__What is needed__: Return the full listing unchanged, apart from leaving out its images.

__Collected data__:

********

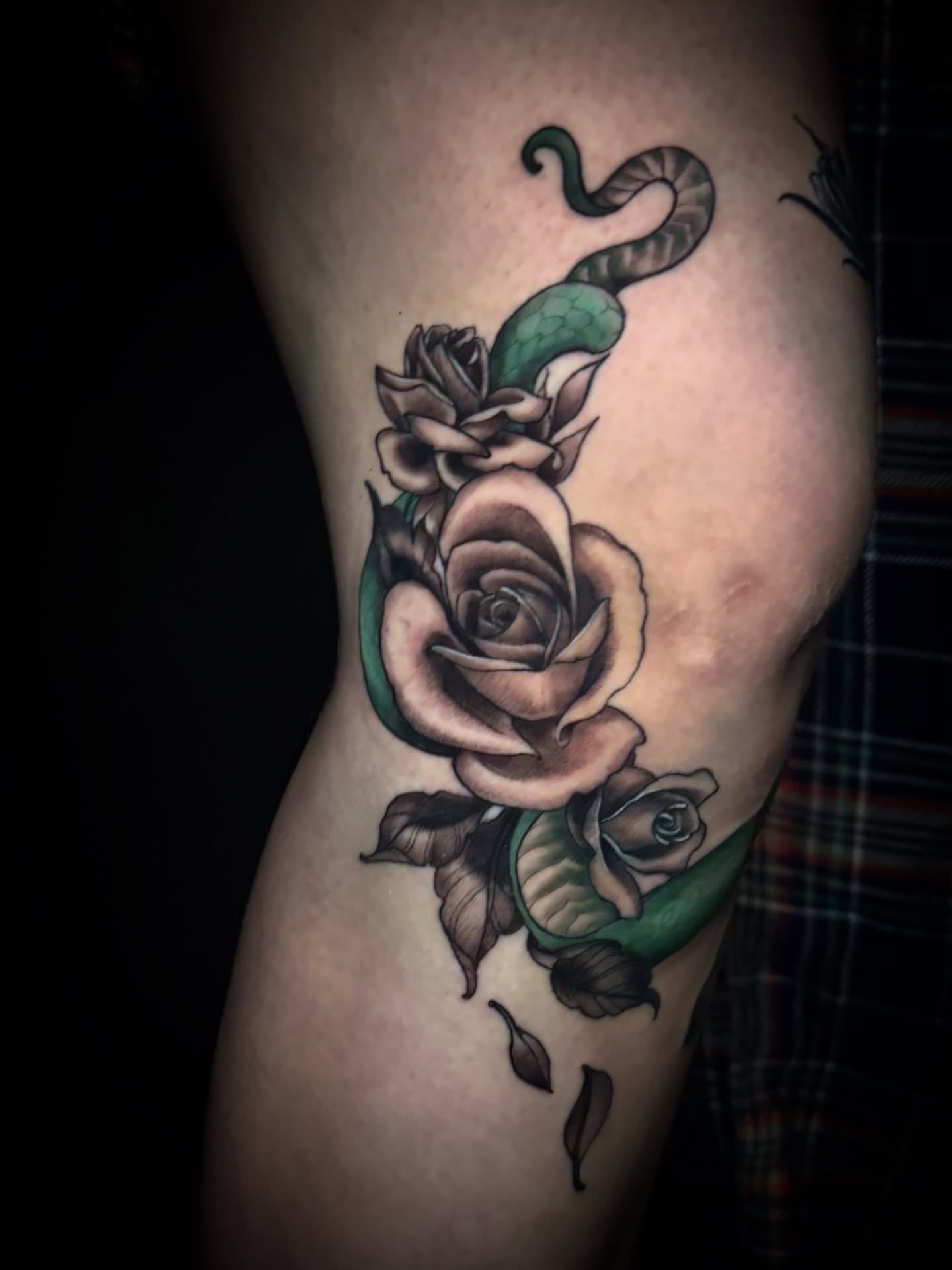 Snake and roses American traditional tattoo on the thigh by M A D I E I N S P A N I E R π¦ tattoos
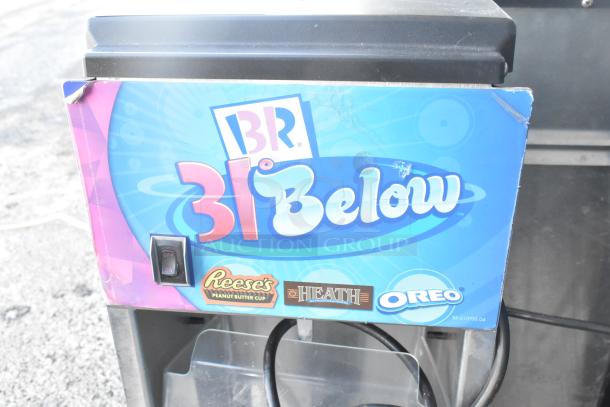 Vita-Mix VM0800A commercial frozen drink mixer with colorful branding. Features 120 volts and 1 phase. Visible labels include Reese's, Heath, and Oreo.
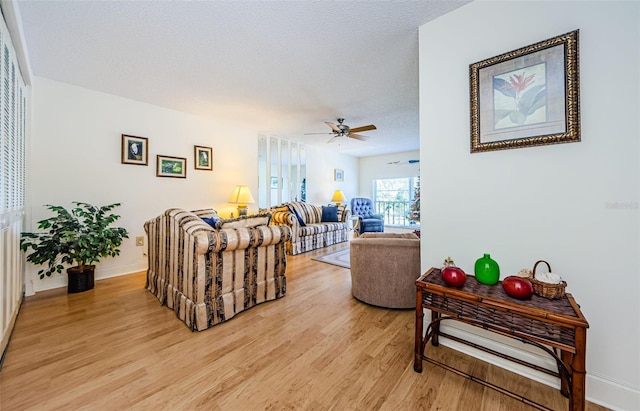 living room featuring ceiling fan, a textured ceiling, and light wood-type flooring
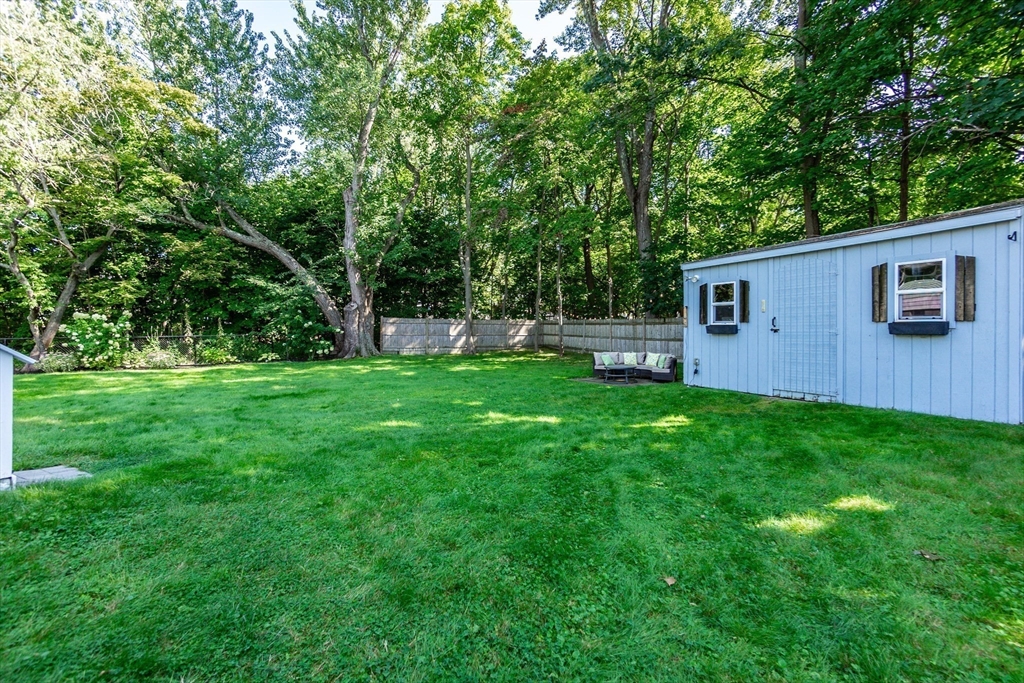 23 Thistledale Road Wakefield, MA 01880 - Photo 31 of 41 a backyard of a house with table and chairs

********

__Response to the exercise__:
 Snake and roses American traditional tattoo on the thigh by M A D I E I N S P A N I E R π¦ tattoos
 Vita-Mix VM0800A commercial frozen drink mixer with colorful branding. Features 120 volts and 1 phase. Visible labels include Reese's, Heath, and Oreo.
 living room featuring ceiling fan, a textured ceiling, and light wood-type flooring
 23 Thistledale Road Wakefield, MA 01880 - Photo 31 of 41 a backyard of a house with table and chairs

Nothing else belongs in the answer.